• _EXERCISE_:
The entries below contain a line with "RiverWithBoats-72" and a line with "Mittelpunkt steht. Digitalisierung". Retype exactly everything from the first down to the second, both included, and nothing else.
*** Opening GIVEN INFORMATION ***
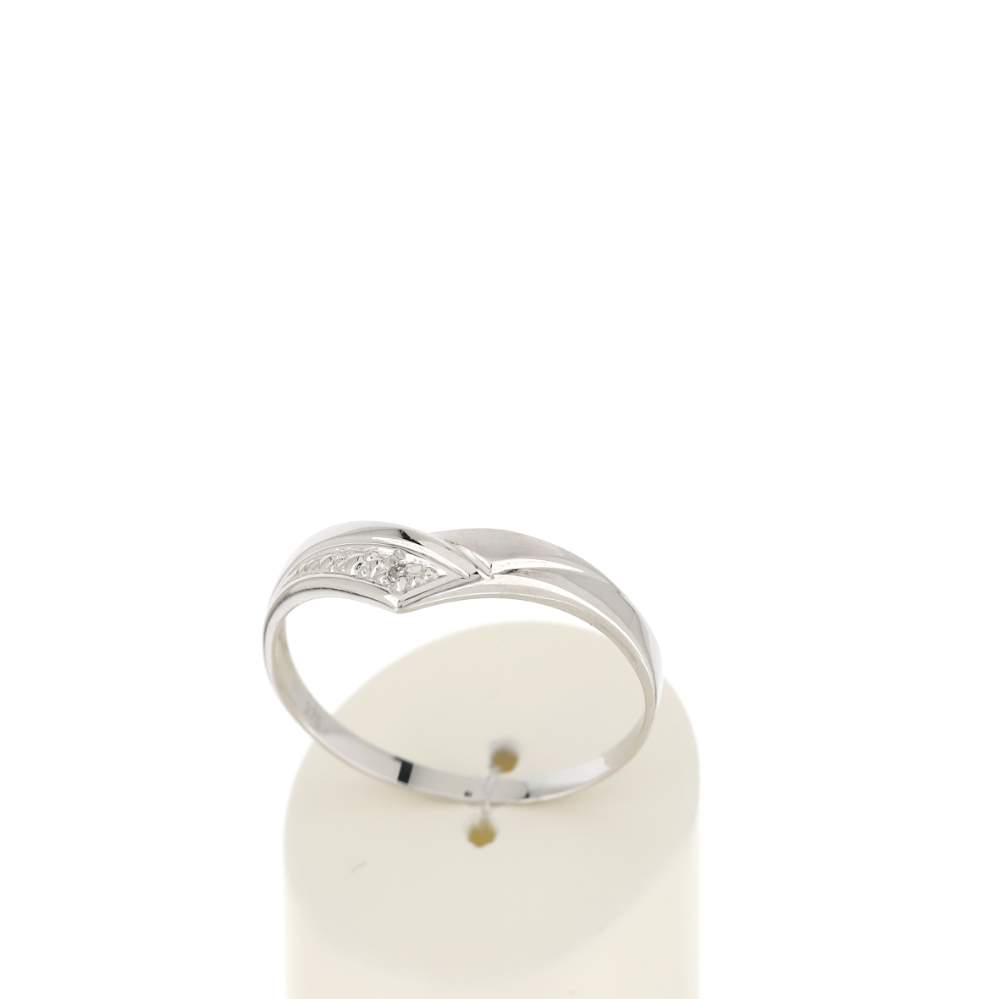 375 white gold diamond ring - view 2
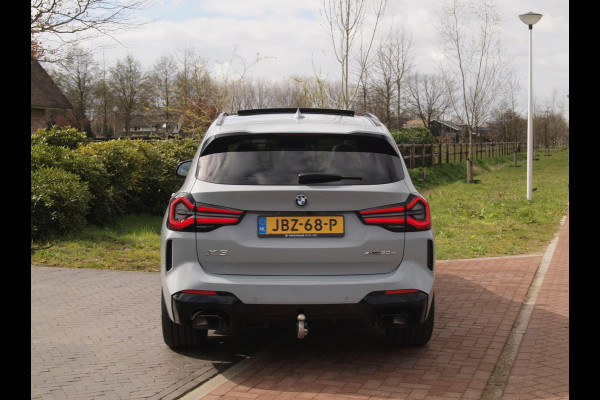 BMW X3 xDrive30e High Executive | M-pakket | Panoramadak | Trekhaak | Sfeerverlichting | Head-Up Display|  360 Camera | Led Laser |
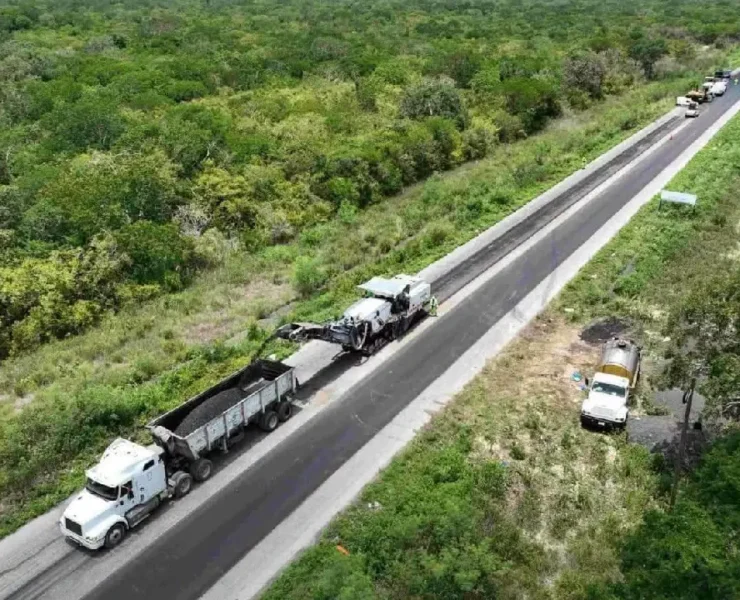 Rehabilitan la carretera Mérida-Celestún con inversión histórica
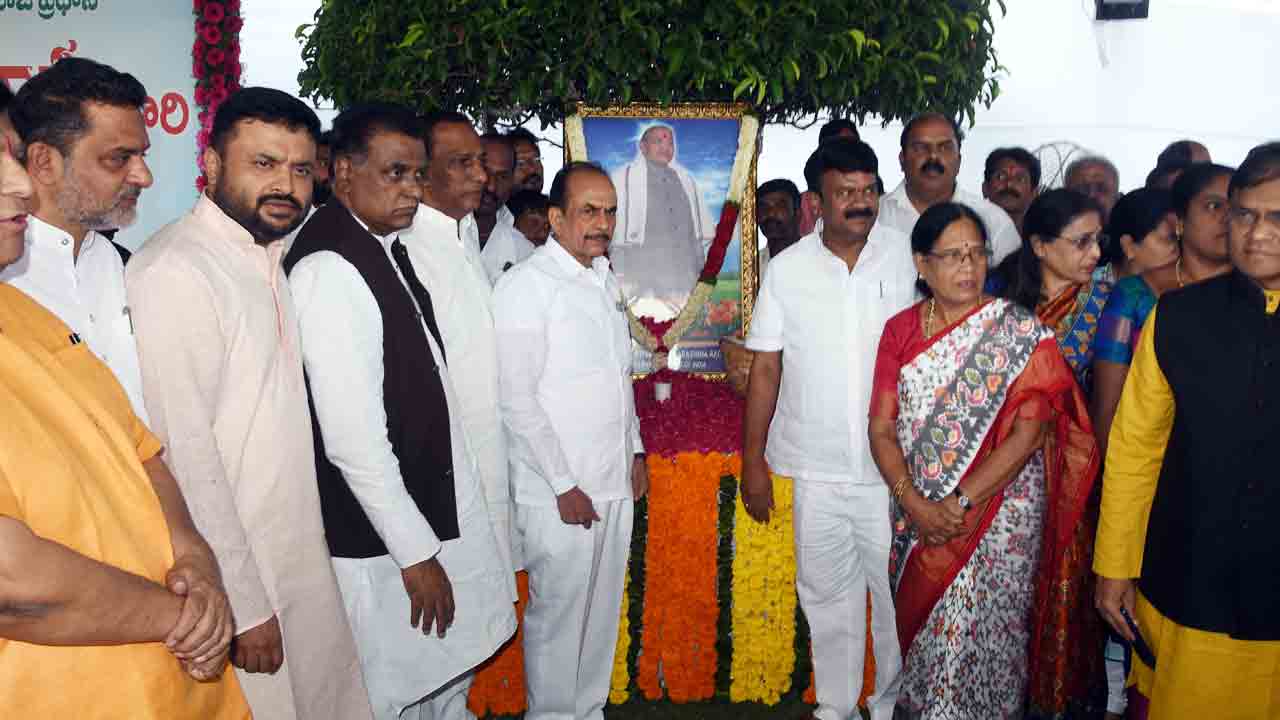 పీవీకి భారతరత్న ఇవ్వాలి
*** Closing GIVEN INFORMATION ***
*** Opening GIVEN INFORMATION ***
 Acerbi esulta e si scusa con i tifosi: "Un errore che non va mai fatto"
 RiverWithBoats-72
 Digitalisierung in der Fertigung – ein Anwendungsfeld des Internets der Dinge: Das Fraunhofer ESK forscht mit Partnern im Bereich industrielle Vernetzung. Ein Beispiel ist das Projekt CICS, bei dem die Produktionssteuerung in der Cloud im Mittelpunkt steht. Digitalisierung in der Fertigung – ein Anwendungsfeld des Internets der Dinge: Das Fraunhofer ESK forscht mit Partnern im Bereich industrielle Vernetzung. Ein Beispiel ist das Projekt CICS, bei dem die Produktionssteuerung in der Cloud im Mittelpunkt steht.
*** Closing GIVEN INFORMATION ***
• _RESULT OF THE EXERCISE_:
 RiverWithBoats-72
 Digitalisierung in der Fertigung – ein Anwendungsfeld des Internets der Dinge: Das Fraunhofer ESK forscht mit Partnern im Bereich industrielle Vernetzung. Ein Beispiel ist das Projekt CICS, bei dem die Produktionssteuerung in der Cloud im Mittelpunkt steht. Digitalisierung in der Fertigung – ein Anwendungsfeld des Internets der Dinge: Das Fraunhofer ESK forscht mit Partnern im Bereich industrielle Vernetzung. Ein Beispiel ist das Projekt CICS, bei dem die Produktionssteuerung in der Cloud im Mittelpunkt steht.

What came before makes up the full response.